Data excerpts:
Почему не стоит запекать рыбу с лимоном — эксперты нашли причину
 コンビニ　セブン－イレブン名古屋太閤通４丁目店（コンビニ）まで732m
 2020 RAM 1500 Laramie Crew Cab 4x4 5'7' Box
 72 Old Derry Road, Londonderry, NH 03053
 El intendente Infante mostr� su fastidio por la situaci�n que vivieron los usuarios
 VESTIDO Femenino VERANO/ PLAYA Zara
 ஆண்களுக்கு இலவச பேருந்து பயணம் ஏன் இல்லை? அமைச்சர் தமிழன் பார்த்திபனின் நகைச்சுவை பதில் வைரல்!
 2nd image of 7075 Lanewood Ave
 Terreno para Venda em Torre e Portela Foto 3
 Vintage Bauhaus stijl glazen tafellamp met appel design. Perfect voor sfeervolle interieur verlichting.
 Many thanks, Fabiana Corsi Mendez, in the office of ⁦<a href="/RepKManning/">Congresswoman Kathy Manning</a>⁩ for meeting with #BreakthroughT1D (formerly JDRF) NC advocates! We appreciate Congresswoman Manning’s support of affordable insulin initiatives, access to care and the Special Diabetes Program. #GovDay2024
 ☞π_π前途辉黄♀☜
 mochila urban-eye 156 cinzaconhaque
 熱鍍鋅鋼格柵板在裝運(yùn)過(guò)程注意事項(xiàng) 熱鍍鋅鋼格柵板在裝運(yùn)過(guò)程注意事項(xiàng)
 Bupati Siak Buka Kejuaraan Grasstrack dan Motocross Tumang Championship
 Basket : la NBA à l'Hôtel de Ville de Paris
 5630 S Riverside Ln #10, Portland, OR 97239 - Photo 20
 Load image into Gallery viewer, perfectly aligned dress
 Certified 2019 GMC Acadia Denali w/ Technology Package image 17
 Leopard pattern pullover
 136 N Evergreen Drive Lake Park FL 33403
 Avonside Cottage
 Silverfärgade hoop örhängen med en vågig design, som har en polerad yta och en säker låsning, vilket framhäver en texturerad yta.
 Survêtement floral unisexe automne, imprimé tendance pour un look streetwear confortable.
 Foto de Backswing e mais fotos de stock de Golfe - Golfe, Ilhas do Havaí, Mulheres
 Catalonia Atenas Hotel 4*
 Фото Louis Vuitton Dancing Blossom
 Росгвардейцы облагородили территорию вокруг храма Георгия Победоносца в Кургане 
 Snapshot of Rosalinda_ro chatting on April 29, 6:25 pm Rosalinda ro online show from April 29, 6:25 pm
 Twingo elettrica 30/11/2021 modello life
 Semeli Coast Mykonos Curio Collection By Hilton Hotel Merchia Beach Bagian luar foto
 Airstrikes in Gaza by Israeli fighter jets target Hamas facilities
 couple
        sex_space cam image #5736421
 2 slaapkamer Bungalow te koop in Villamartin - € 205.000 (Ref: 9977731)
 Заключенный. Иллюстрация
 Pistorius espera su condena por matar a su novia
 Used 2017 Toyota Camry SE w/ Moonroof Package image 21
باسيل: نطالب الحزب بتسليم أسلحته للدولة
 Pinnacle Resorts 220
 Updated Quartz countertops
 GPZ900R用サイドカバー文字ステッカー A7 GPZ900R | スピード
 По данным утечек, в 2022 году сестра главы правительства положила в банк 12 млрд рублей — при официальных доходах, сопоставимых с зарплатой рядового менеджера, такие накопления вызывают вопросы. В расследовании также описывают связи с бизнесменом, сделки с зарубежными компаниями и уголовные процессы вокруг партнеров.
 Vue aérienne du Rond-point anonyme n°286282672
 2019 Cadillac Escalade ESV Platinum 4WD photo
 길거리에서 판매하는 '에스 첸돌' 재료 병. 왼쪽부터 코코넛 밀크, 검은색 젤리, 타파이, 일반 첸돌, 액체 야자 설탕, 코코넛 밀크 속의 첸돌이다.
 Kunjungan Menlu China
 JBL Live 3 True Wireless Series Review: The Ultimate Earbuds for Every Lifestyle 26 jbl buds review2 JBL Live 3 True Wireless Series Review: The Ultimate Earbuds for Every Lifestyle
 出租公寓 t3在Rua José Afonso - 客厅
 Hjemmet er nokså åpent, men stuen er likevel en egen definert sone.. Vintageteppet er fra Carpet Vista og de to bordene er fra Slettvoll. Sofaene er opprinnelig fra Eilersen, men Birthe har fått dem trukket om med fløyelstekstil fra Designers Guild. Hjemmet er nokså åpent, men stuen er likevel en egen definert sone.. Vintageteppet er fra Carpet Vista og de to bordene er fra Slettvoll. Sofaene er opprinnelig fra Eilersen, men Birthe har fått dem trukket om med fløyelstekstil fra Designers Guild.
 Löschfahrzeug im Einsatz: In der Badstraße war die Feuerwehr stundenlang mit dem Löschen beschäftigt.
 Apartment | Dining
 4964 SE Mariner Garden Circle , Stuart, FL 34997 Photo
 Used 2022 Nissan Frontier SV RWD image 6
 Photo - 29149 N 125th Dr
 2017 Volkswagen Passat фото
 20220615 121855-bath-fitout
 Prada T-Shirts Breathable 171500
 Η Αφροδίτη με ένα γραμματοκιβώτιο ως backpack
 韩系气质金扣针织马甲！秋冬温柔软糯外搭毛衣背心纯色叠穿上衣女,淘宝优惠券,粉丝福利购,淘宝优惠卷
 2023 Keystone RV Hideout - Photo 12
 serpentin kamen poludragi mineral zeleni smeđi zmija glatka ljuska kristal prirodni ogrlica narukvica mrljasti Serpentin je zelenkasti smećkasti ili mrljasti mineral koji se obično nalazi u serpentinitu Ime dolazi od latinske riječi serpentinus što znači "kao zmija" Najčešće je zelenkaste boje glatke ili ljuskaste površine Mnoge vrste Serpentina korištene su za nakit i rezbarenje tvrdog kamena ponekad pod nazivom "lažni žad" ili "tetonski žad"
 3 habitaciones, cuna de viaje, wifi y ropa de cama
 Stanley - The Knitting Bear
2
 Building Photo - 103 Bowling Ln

Aim of the task:
Copy out all of the records verbatim.

Finished exercise:
Почему не стоит запекать рыбу с лимоном — эксперты нашли причину
 コンビニ　セブン－イレブン名古屋太閤通４丁目店（コンビニ）まで732m
 2020 RAM 1500 Laramie Crew Cab 4x4 5'7' Box
 72 Old Derry Road, Londonderry, NH 03053
 El intendente Infante mostr� su fastidio por la situaci�n que vivieron los usuarios
 VESTIDO Femenino VERANO/ PLAYA Zara
 ஆண்களுக்கு இலவச பேருந்து பயணம் ஏன் இல்லை? அமைச்சர் தமிழன் பார்த்திபனின் நகைச்சுவை பதில் வைரல்!
 2nd image of 7075 Lanewood Ave
 Terreno para Venda em Torre e Portela Foto 3
 Vintage Bauhaus stijl glazen tafellamp met appel design. Perfect voor sfeervolle interieur verlichting.
 Many thanks, Fabiana Corsi Mendez, in the office of ⁦<a href="/RepKManning/">Congresswoman Kathy Manning</a>⁩ for meeting with #BreakthroughT1D (formerly JDRF) NC advocates! We appreciate Congresswoman Manning’s support of affordable insulin initiatives, access to care and the Special Diabetes Program. #GovDay2024
 ☞π_π前途辉黄♀☜
 mochila urban-eye 156 cinzaconhaque
 熱鍍鋅鋼格柵板在裝運(yùn)過(guò)程注意事項(xiàng) 熱鍍鋅鋼格柵板在裝運(yùn)過(guò)程注意事項(xiàng)
 Bupati Siak Buka Kejuaraan Grasstrack dan Motocross Tumang Championship
 Basket : la NBA à l'Hôtel de Ville de Paris
 5630 S Riverside Ln #10, Portland, OR 97239 - Photo 20
 Load image into Gallery viewer, perfectly aligned dress
 Certified 2019 GMC Acadia Denali w/ Technology Package image 17
 Leopard pattern pullover
 136 N Evergreen Drive Lake Park FL 33403
 Avonside Cottage
 Silverfärgade hoop örhängen med en vågig design, som har en polerad yta och en säker låsning, vilket framhäver en texturerad yta.
 Survêtement floral unisexe automne, imprimé tendance pour un look streetwear confortable.
 Foto de Backswing e mais fotos de stock de Golfe - Golfe, Ilhas do Havaí, Mulheres
 Catalonia Atenas Hotel 4*
 Фото Louis Vuitton Dancing Blossom
 Росгвардейцы облагородили территорию вокруг храма Георгия Победоносца в Кургане 
 Snapshot of Rosalinda_ro chatting on April 29, 6:25 pm Rosalinda ro online show from April 29, 6:25 pm
 Twingo elettrica 30/11/2021 modello life
 Semeli Coast Mykonos Curio Collection By Hilton Hotel Merchia Beach Bagian luar foto
 Airstrikes in Gaza by Israeli fighter jets target Hamas facilities
 couple
        sex_space cam image #5736421
 2 slaapkamer Bungalow te koop in Villamartin - € 205.000 (Ref: 9977731)
 Заключенный. Иллюстрация
 Pistorius espera su condena por matar a su novia
 Used 2017 Toyota Camry SE w/ Moonroof Package image 21
باسيل: نطالب الحزب بتسليم أسلحته للدولة
 Pinnacle Resorts 220
 Updated Quartz countertops
 GPZ900R用サイドカバー文字ステッカー A7 GPZ900R | スピード
 По данным утечек, в 2022 году сестра главы правительства положила в банк 12 млрд рублей — при официальных доходах, сопоставимых с зарплатой рядового менеджера, такие накопления вызывают вопросы. В расследовании также описывают связи с бизнесменом, сделки с зарубежными компаниями и уголовные процессы вокруг партнеров.
 Vue aérienne du Rond-point anonyme n°286282672
 2019 Cadillac Escalade ESV Platinum 4WD photo
 길거리에서 판매하는 '에스 첸돌' 재료 병. 왼쪽부터 코코넛 밀크, 검은색 젤리, 타파이, 일반 첸돌, 액체 야자 설탕, 코코넛 밀크 속의 첸돌이다.
 Kunjungan Menlu China
 JBL Live 3 True Wireless Series Review: The Ultimate Earbuds for Every Lifestyle 26 jbl buds review2 JBL Live 3 True Wireless Series Review: The Ultimate Earbuds for Every Lifestyle
 出租公寓 t3在Rua José Afonso - 客厅
 Hjemmet er nokså åpent, men stuen er likevel en egen definert sone.. Vintageteppet er fra Carpet Vista og de to bordene er fra Slettvoll. Sofaene er opprinnelig fra Eilersen, men Birthe har fått dem trukket om med fløyelstekstil fra Designers Guild. Hjemmet er nokså åpent, men stuen er likevel en egen definert sone.. Vintageteppet er fra Carpet Vista og de to bordene er fra Slettvoll. Sofaene er opprinnelig fra Eilersen, men Birthe har fått dem trukket om med fløyelstekstil fra Designers Guild.
 Löschfahrzeug im Einsatz: In der Badstraße war die Feuerwehr stundenlang mit dem Löschen beschäftigt.
 Apartment | Dining
 4964 SE Mariner Garden Circle , Stuart, FL 34997 Photo
 Used 2022 Nissan Frontier SV RWD image 6
 Photo - 29149 N 125th Dr
 2017 Volkswagen Passat фото
 20220615 121855-bath-fitout
 Prada T-Shirts Breathable 171500
 Η Αφροδίτη με ένα γραμματοκιβώτιο ως backpack
 韩系气质金扣针织马甲！秋冬温柔软糯外搭毛衣背心纯色叠穿上衣女,淘宝优惠券,粉丝福利购,淘宝优惠卷
 2023 Keystone RV Hideout - Photo 12
 serpentin kamen poludragi mineral zeleni smeđi zmija glatka ljuska kristal prirodni ogrlica narukvica mrljasti Serpentin je zelenkasti smećkasti ili mrljasti mineral koji se obično nalazi u serpentinitu Ime dolazi od latinske riječi serpentinus što znači "kao zmija" Najčešće je zelenkaste boje glatke ili ljuskaste površine Mnoge vrste Serpentina korištene su za nakit i rezbarenje tvrdog kamena ponekad pod nazivom "lažni žad" ili "tetonski žad"
 3 habitaciones, cuna de viaje, wifi y ropa de cama
 Stanley - The Knitting Bear
2
 Building Photo - 103 Bowling Ln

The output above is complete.